Herpes bumps also have a yellowish color to them. Syphilis has penny-sized bumps which are color red or red-brown. An ingrown hair looks like a pimple but covered in dead skin.
3. Try Touching with a Cotton Ball
The cotton is for your protection in case the bumps ruptures. If it burst, be careful of yellow pus because it means that it’s an infection. If a white, waxy or solid pus comes out, it means that the bump is most likely an ingrown hair.
Did You Shave Recently?
Ingrown hairs happen when you shave or wax your skin in the past few days. It happens because of improper or aggressive shaving techniques. On the other hand, herpes can appear in areas even without shaving.
Do the Bumps Return Often?
Herpes usually has reoccurring bumps and it’ll happen in the same area. They may disappear and appear again. You may get bumps monthly, weekly, and even daily.
How Badly Does the Bump Hurt?
If the bump is tender to the touch and doesn’t hurt much, then it may be a whitehead or an ingrown hair. For herpes, the bumps are painful and may even burn when you urinate. It could be a cyst if it’s painless and next to your private parts.
Is the Bump Smooth or Rough?
If the bump is smooth and it sticks out from the skin, it may be a skin tag. Skin tags often appear on body regions where the skin usually rubs skin-to-skin like your groin and upper thighs.
If a bump sticks out from the skin, but it feels jagged or rough then it may be a genital wart. Genital warts don’t have serious side-effects but you should consult a dermatologist to get it removed to prevent spreading it.
Is It Closed or Open?
If you have bumps that stay closed until they heal, they are likely to be razor bumps, a zit, or an allergic reaction. Those are harmless and can disappear within a few days. Herpes starts as closed red bumps, but they open within a few days and turn moist.
Get Online STD Consultation
If you’re not completely sure, you can take an online consultation to stay on the side of caution. Sexually transmitted diseases can last a life-time and you can infect others. With a blood test, medical history, and culture sample, your doctor can tell you what’s up.

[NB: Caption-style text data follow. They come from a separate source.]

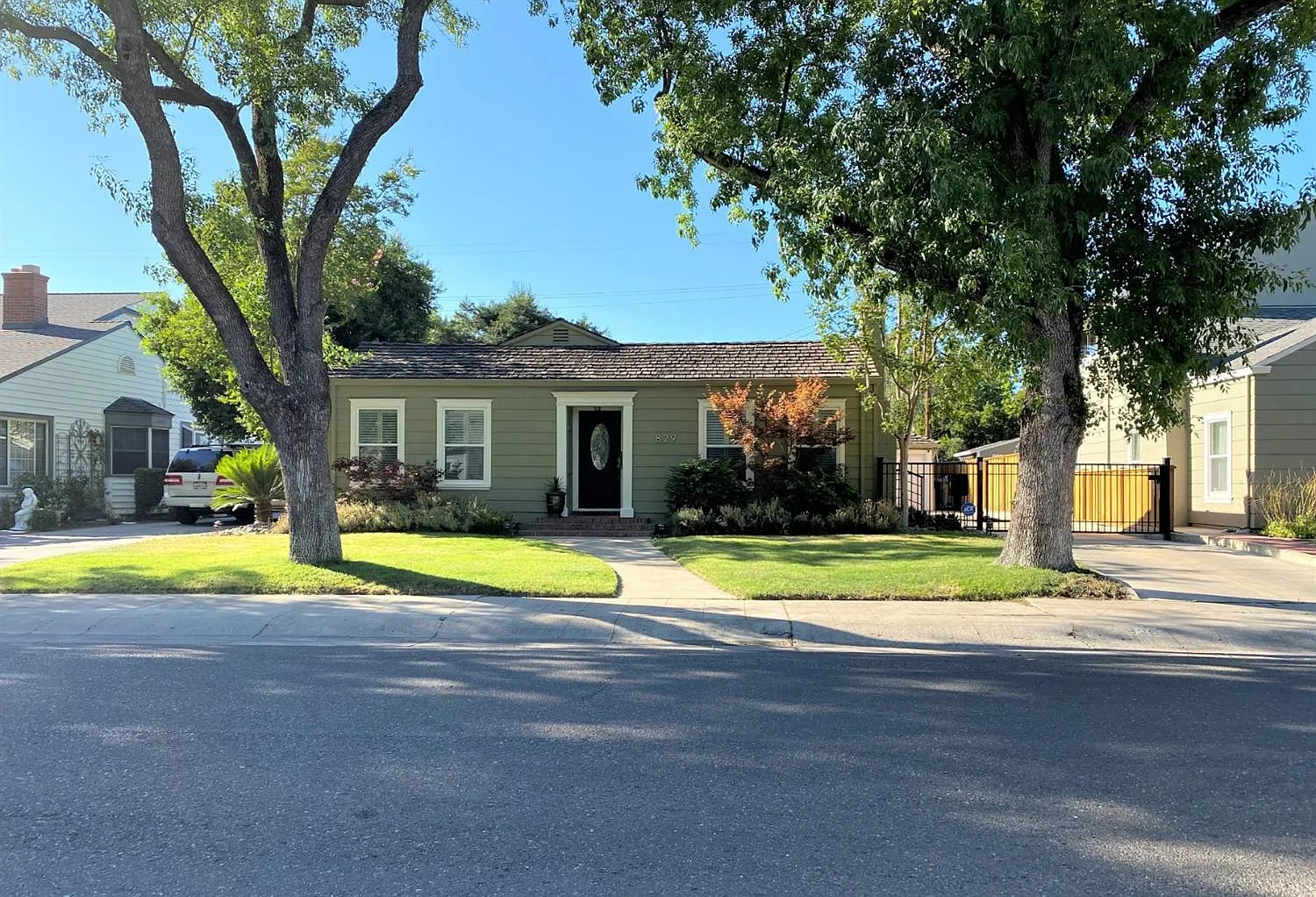 829 W Monterey Ave photo 1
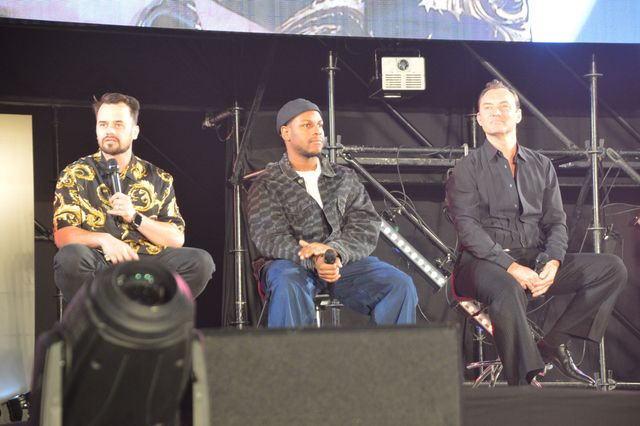 『スター・ウォーズ』ジュード・ロウ＆ジョン・ボイエガ＆ダニエル・ローガンが仲良く自撮り！（13枚目）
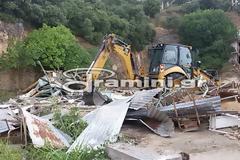 Γκρεμίσανε το αυτοσχέδιο σκοπευτήριο της Άννας Κορακάκη [photos]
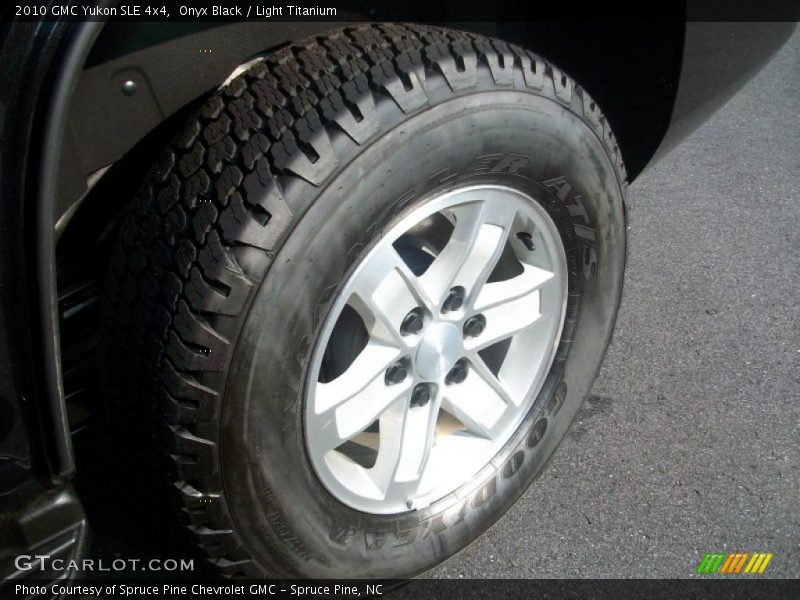 Onyx Black / Light Titanium 2010 GMC Yukon SLE 4x4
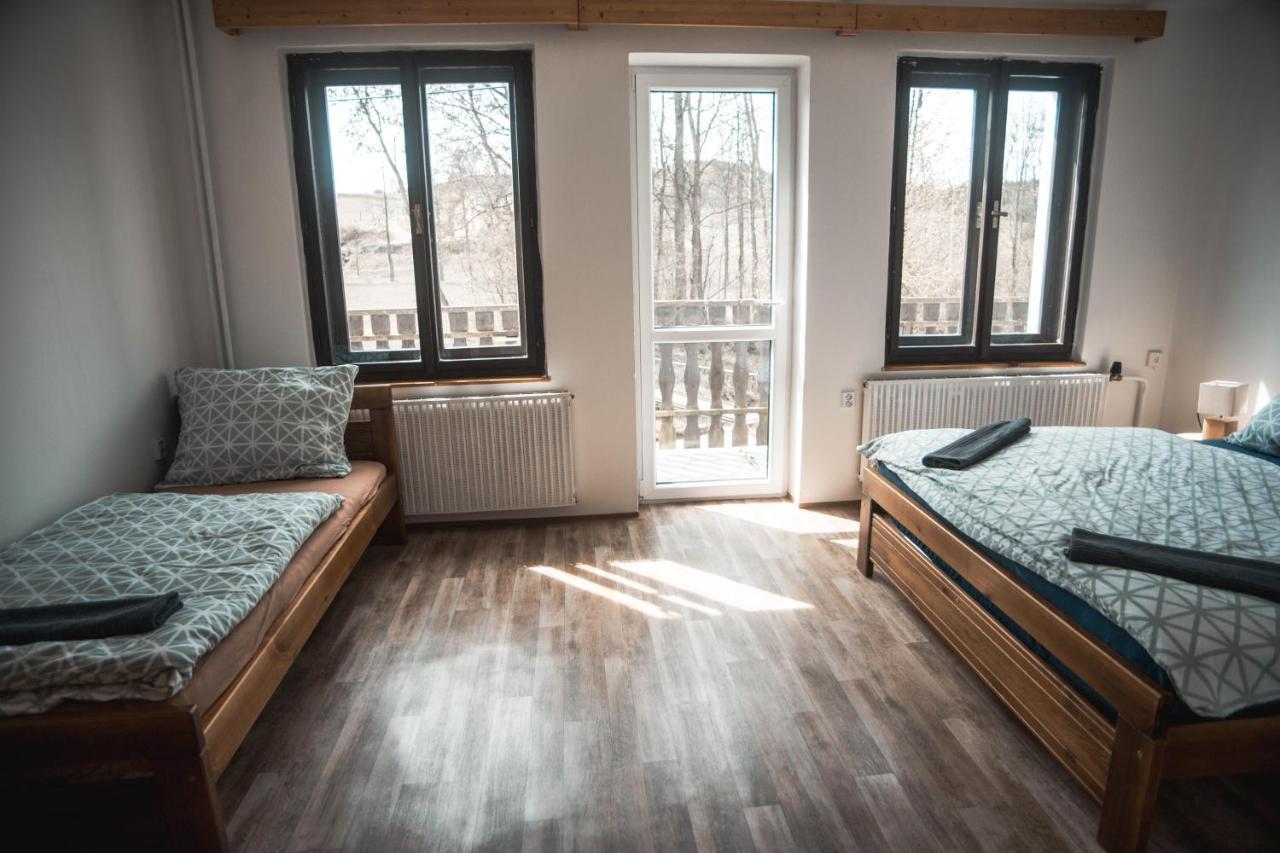 Apartmany Ve Mlejne Cachrov Eksteriør billede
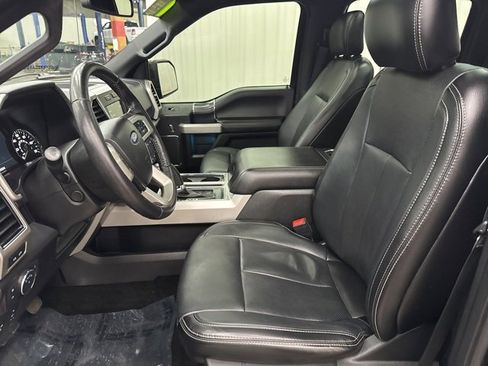 Used 2018 Ford F150 Lariat w/ Equipment Group 502A Luxury image 5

You can learn more about online consultations at https://www.themedical.co.uk/services/special-clinics/online-consultations.
Is It Ingrown Hair or STD?
So, do you have an ingrown hair or STD? If you truly think that you have STDs, don’t panic! Go for online consultation and keep yourself clean.
A daily dose of medication can prevent the spread of STD and lessen the duration of outbreaks. Be safe, wear condoms, and stay STD-free.